> _EXCERPTED DATA_:
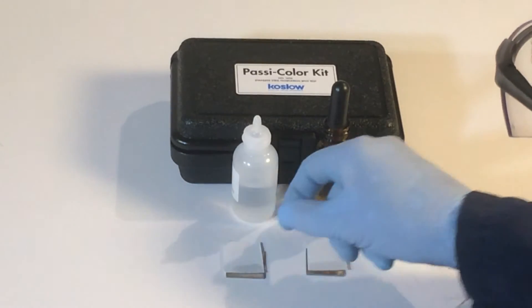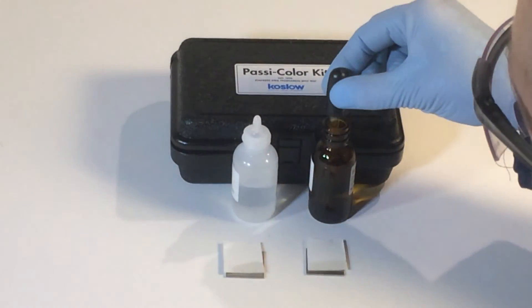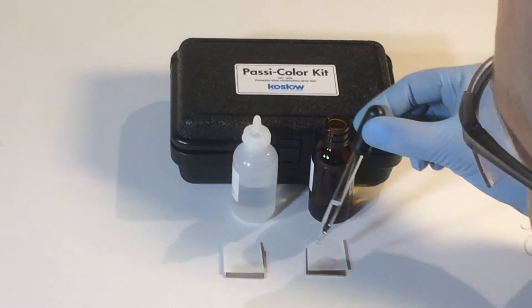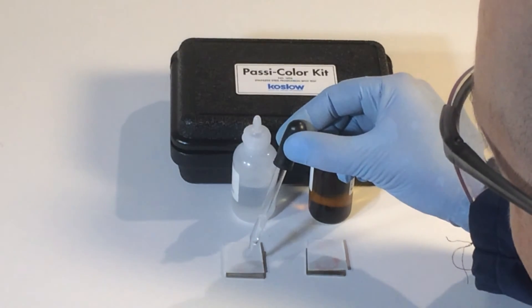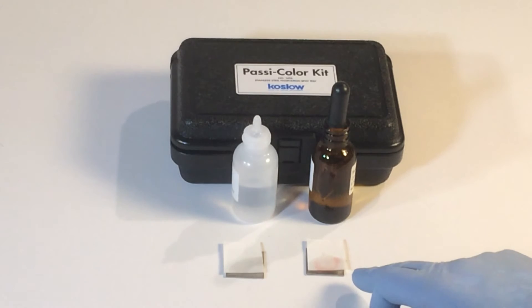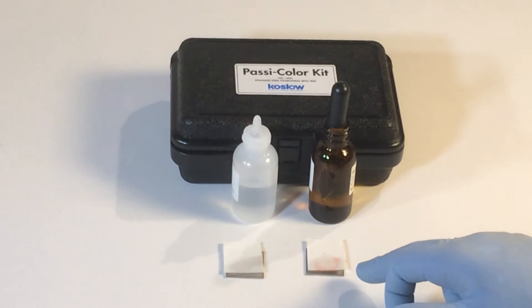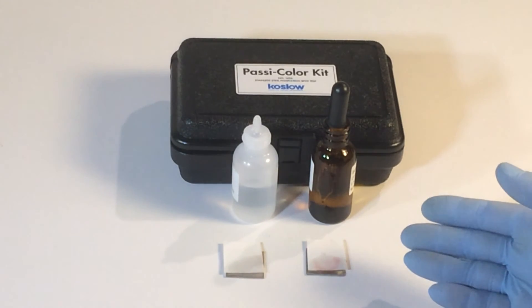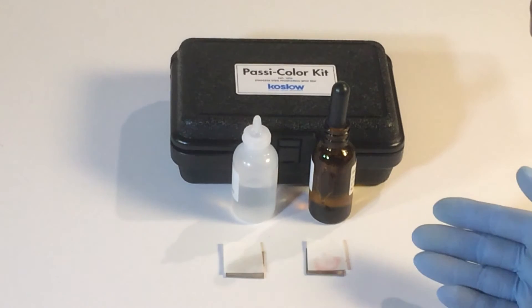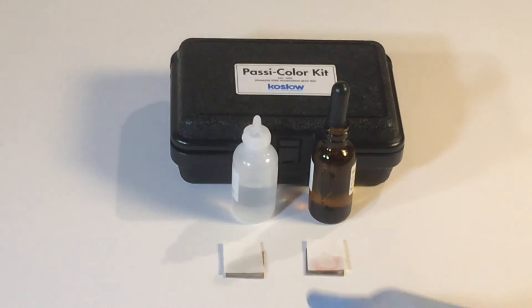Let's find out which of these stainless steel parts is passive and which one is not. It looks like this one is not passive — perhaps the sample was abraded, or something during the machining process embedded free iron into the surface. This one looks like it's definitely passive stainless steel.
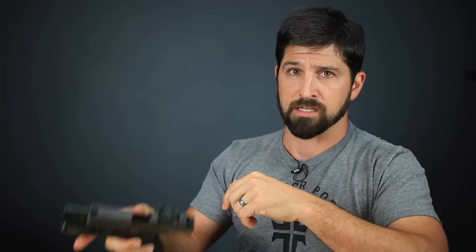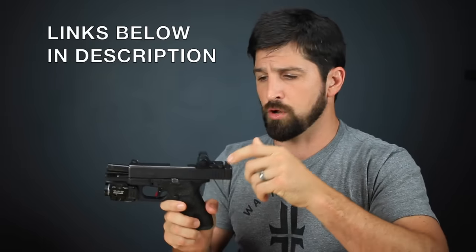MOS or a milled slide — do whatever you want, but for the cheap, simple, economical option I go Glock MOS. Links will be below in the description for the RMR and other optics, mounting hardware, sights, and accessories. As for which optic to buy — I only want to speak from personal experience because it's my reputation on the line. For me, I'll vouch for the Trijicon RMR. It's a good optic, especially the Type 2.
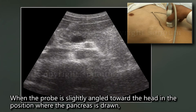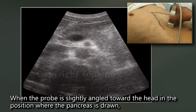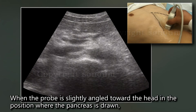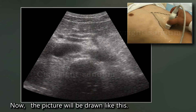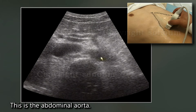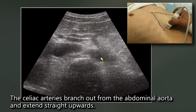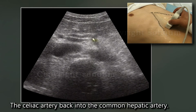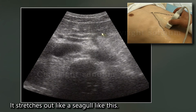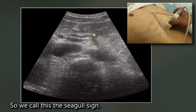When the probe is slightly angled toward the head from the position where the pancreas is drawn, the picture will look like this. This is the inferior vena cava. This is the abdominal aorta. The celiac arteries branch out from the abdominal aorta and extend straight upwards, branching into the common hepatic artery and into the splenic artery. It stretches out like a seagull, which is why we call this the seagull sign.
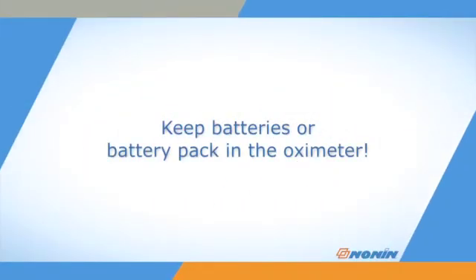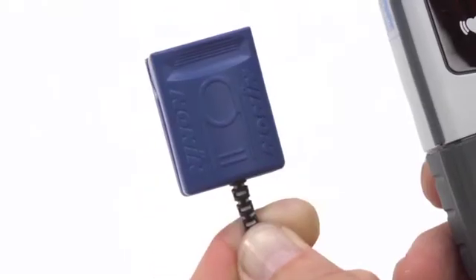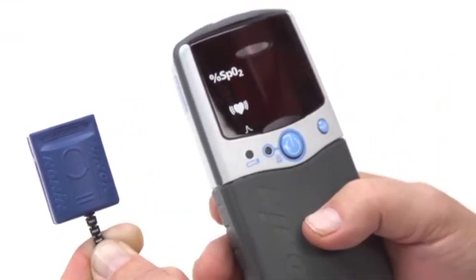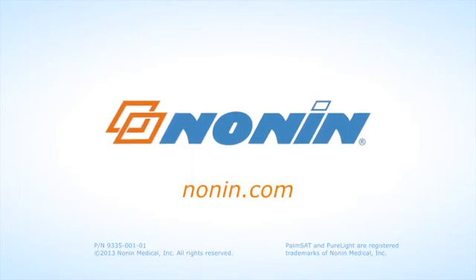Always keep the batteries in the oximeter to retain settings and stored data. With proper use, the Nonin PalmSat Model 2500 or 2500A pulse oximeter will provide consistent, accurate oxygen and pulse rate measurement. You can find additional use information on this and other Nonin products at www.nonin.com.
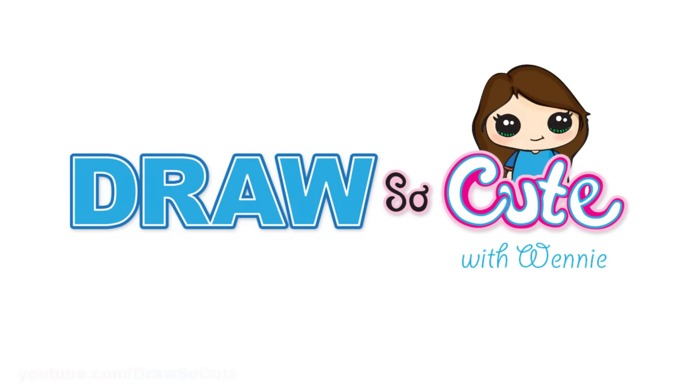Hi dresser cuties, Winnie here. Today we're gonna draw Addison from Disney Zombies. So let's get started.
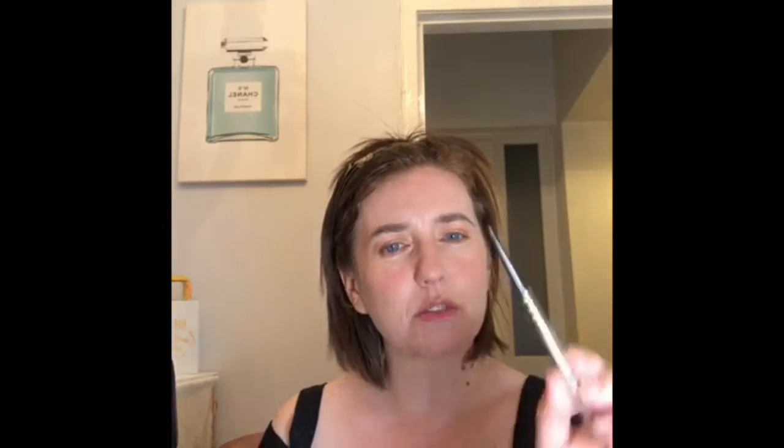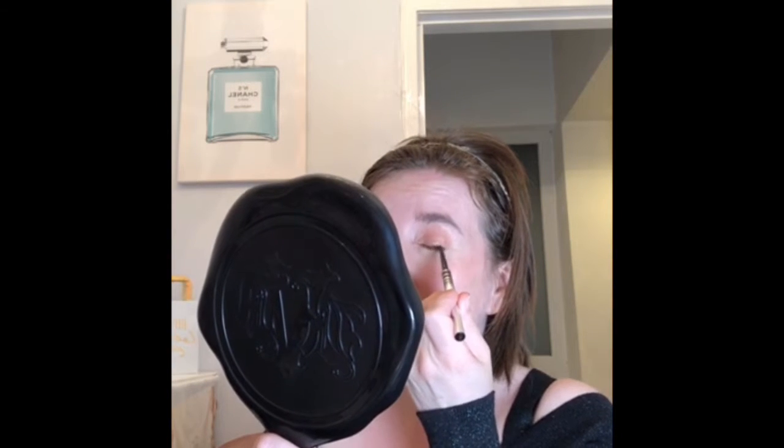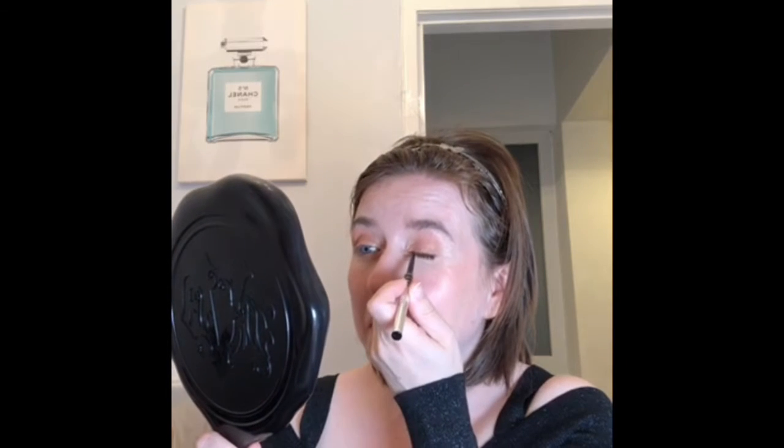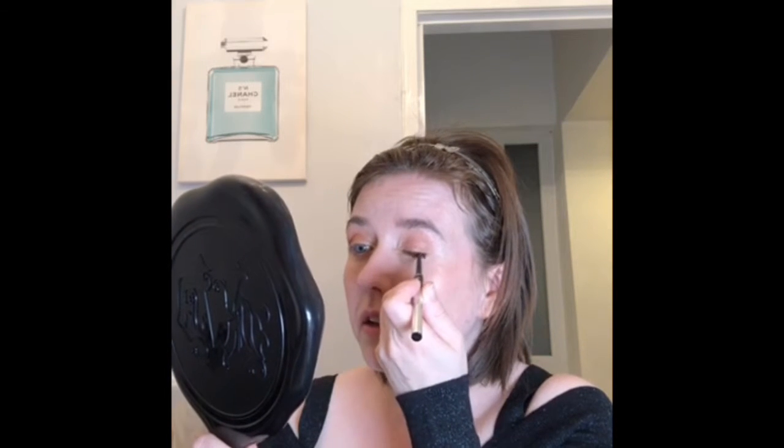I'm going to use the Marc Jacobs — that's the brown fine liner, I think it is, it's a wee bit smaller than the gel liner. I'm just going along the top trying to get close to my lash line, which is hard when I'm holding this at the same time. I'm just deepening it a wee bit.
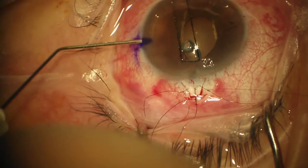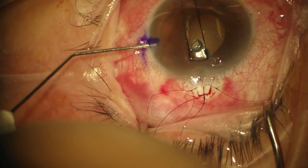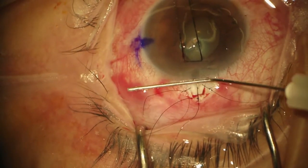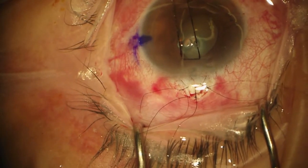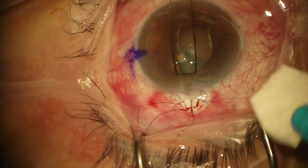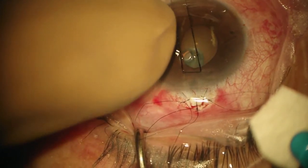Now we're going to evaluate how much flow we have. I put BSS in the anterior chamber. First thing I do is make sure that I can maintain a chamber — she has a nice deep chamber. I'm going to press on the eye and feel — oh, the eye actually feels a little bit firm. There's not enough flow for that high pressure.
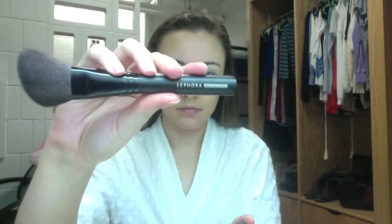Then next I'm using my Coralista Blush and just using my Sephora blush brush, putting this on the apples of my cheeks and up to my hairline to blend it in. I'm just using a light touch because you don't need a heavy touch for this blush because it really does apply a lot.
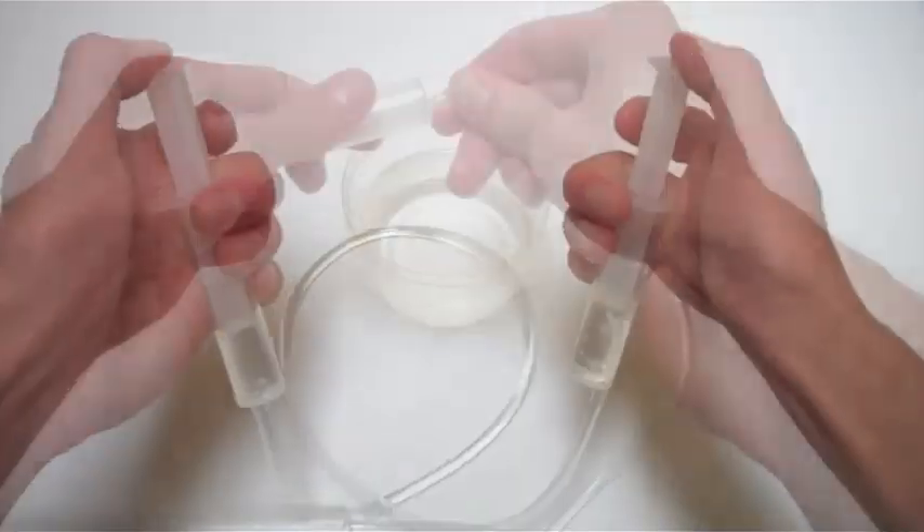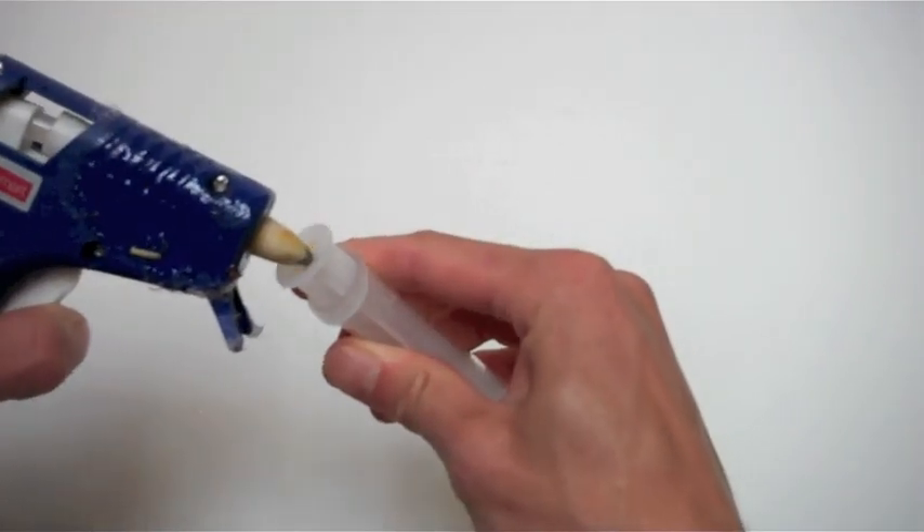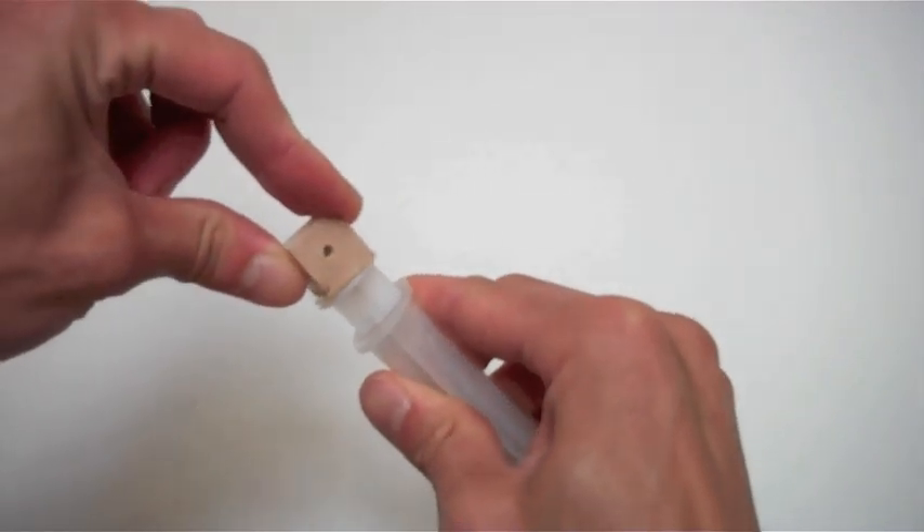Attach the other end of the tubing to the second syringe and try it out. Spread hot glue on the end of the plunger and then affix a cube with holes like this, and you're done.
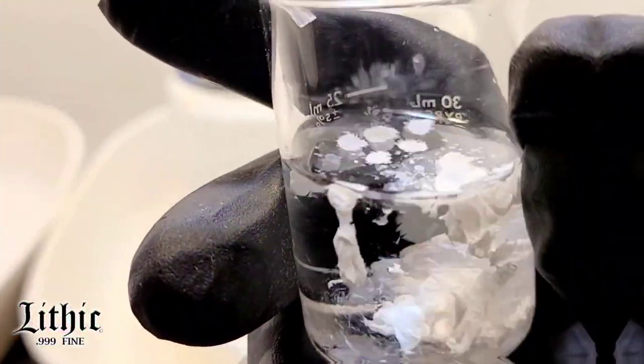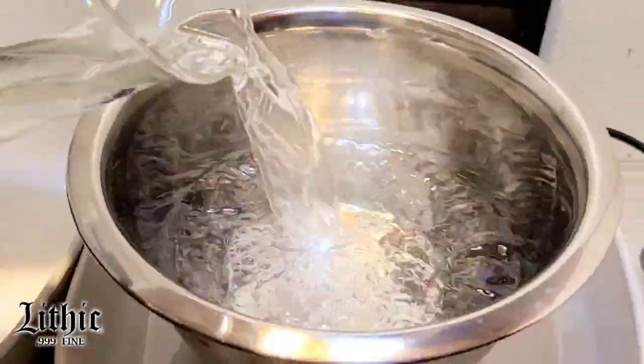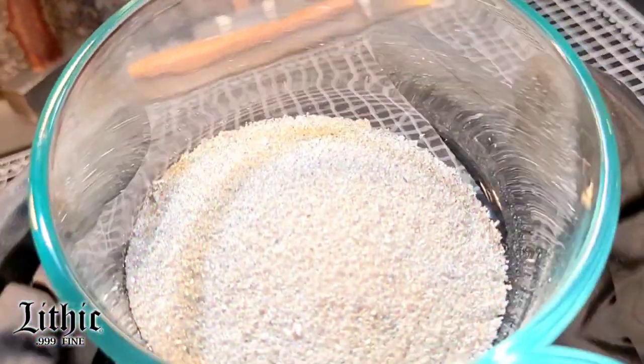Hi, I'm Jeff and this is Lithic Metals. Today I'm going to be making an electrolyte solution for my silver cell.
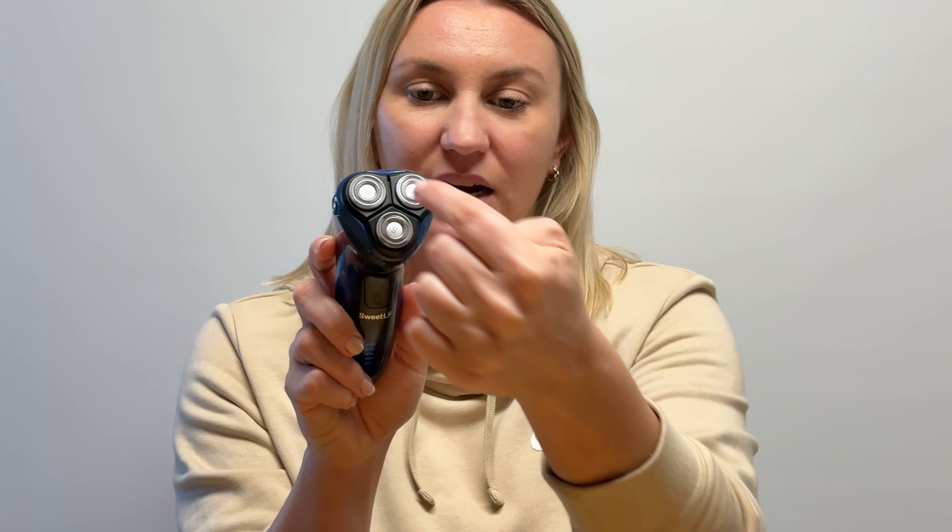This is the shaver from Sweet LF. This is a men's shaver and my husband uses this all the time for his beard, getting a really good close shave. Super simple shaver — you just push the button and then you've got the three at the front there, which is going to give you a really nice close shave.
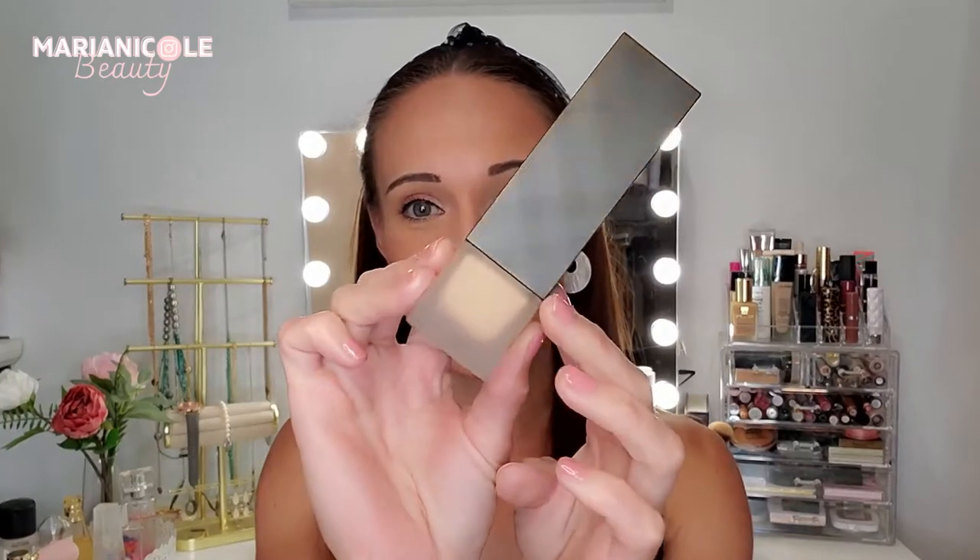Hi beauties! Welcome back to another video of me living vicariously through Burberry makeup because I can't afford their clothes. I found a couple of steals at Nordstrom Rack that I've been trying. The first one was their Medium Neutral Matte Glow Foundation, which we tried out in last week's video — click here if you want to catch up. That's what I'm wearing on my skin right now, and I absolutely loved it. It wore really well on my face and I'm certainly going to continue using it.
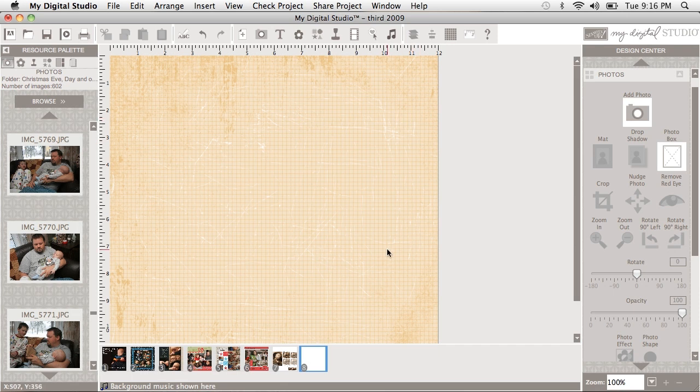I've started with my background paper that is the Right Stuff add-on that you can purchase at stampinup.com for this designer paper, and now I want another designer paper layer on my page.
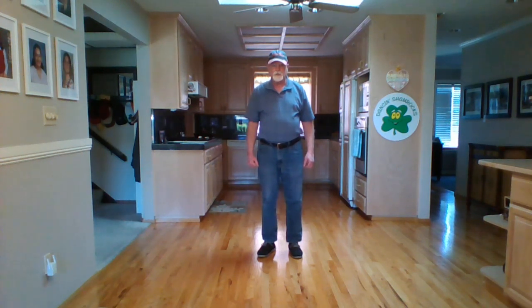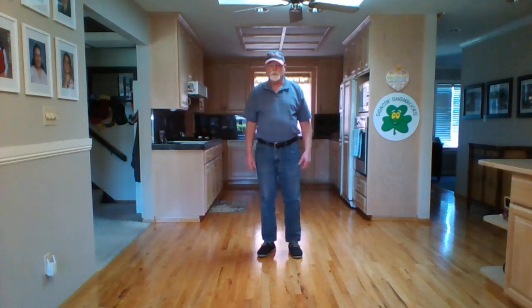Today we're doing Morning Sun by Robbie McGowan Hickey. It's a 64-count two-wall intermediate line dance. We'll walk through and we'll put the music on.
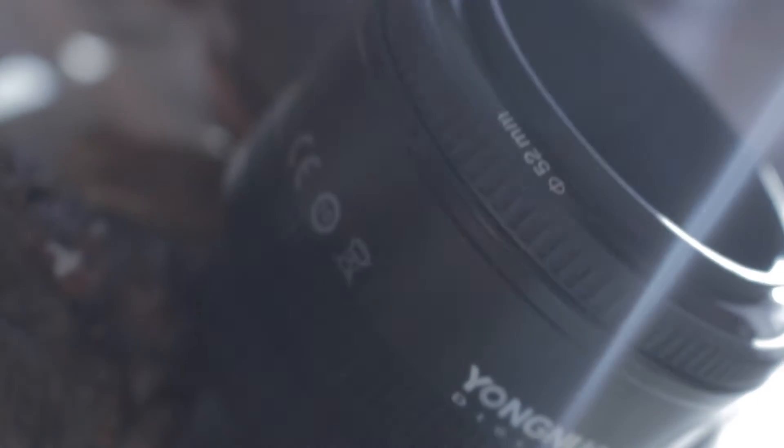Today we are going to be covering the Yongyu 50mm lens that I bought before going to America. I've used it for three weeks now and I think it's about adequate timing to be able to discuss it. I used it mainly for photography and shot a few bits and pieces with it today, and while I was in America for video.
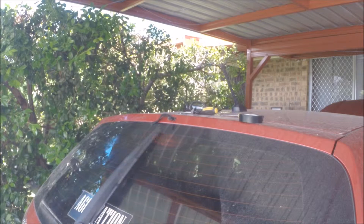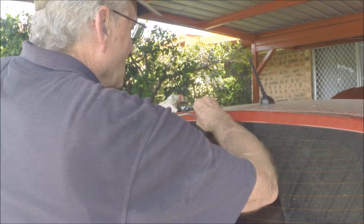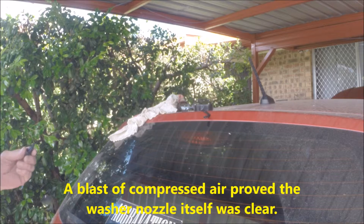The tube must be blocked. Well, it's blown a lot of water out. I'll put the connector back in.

> _WHAT THIS TASK INVOLVES_: The records above should be returned exactly; no image belongs in the copy.

> _SOLUTION_:
Let's find out which of these stainless steel parts is passive and which one is not. It looks like this one is not passive — perhaps the sample was abraded, or something during the machining process embedded free iron into the surface. This one looks like it's definitely passive stainless steel.
MOS or a milled slide — do whatever you want, but for the cheap, simple, economical option I go Glock MOS. Links will be below in the description for the RMR and other optics, mounting hardware, sights, and accessories. As for which optic to buy — I only want to speak from personal experience because it's my reputation on the line. For me, I'll vouch for the Trijicon RMR. It's a good optic, especially the Type 2.
When the probe is slightly angled toward the head from the position where the pancreas is drawn, the picture will look like this. This is the inferior vena cava. This is the abdominal aorta. The celiac arteries branch out from the abdominal aorta and extend straight upwards, branching into the common hepatic artery and into the splenic artery. It stretches out like a seagull, which is why we call this the seagull sign.
Always keep the batteries in the oximeter to retain settings and stored data. With proper use, the Nonin PalmSat Model 2500 or 2500A pulse oximeter will provide consistent, accurate oxygen and pulse rate measurement. You can find additional use information on this and other Nonin products at www.nonin.com.
Hi dresser cuties, Winnie here. Today we're gonna draw Addison from Disney Zombies. So let's get started.
I'm going to use the Marc Jacobs — that's the brown fine liner, I think it is, it's a wee bit smaller than the gel liner. I'm just going along the top trying to get close to my lash line, which is hard when I'm holding this at the same time. I'm just deepening it a wee bit.
Now we're going to evaluate how much flow we have. I put BSS in the anterior chamber. First thing I do is make sure that I can maintain a chamber — she has a nice deep chamber. I'm going to press on the eye and feel — oh, the eye actually feels a little bit firm. There's not enough flow for that high pressure.
Then next I'm using my Coralista Blush and just using my Sephora blush brush, putting this on the apples of my cheeks and up to my hairline to blend it in. I'm just using a light touch because you don't need a heavy touch for this blush because it really does apply a lot.
Attach the other end of the tubing to the second syringe and try it out. Spread hot glue on the end of the plunger and then affix a cube with holes like this, and you're done.
Hi, I'm Jeff and this is Lithic Metals. Today I'm going to be making an electrolyte solution for my silver cell.
This is the shaver from Sweet LF. This is a men's shaver and my husband uses this all the time for his beard, getting a really good close shave. Super simple shaver — you just push the button and then you've got the three at the front there, which is going to give you a really nice close shave.
Hi beauties! Welcome back to another video of me living vicariously through Burberry makeup because I can't afford their clothes. I found a couple of steals at Nordstrom Rack that I've been trying. The first one was their Medium Neutral Matte Glow Foundation, which we tried out in last week's video — click here if you want to catch up. That's what I'm wearing on my skin right now, and I absolutely loved it. It wore really well on my face and I'm certainly going to continue using it.
I've started with my background paper that is the Right Stuff add-on that you can purchase at stampinup.com for this designer paper, and now I want another designer paper layer on my page.
Today we're doing Morning Sun by Robbie McGowan Hickey. It's a 64-count two-wall intermediate line dance. We'll walk through and we'll put the music on.
Today we are going to be covering the Yongyu 50mm lens that I bought before going to America. I've used it for three weeks now and I think it's about adequate timing to be able to discuss it. I used it mainly for photography and shot a few bits and pieces with it today, and while I was in America for video.
The tube must be blocked. Well, it's blown a lot of water out. I'll put the connector back in.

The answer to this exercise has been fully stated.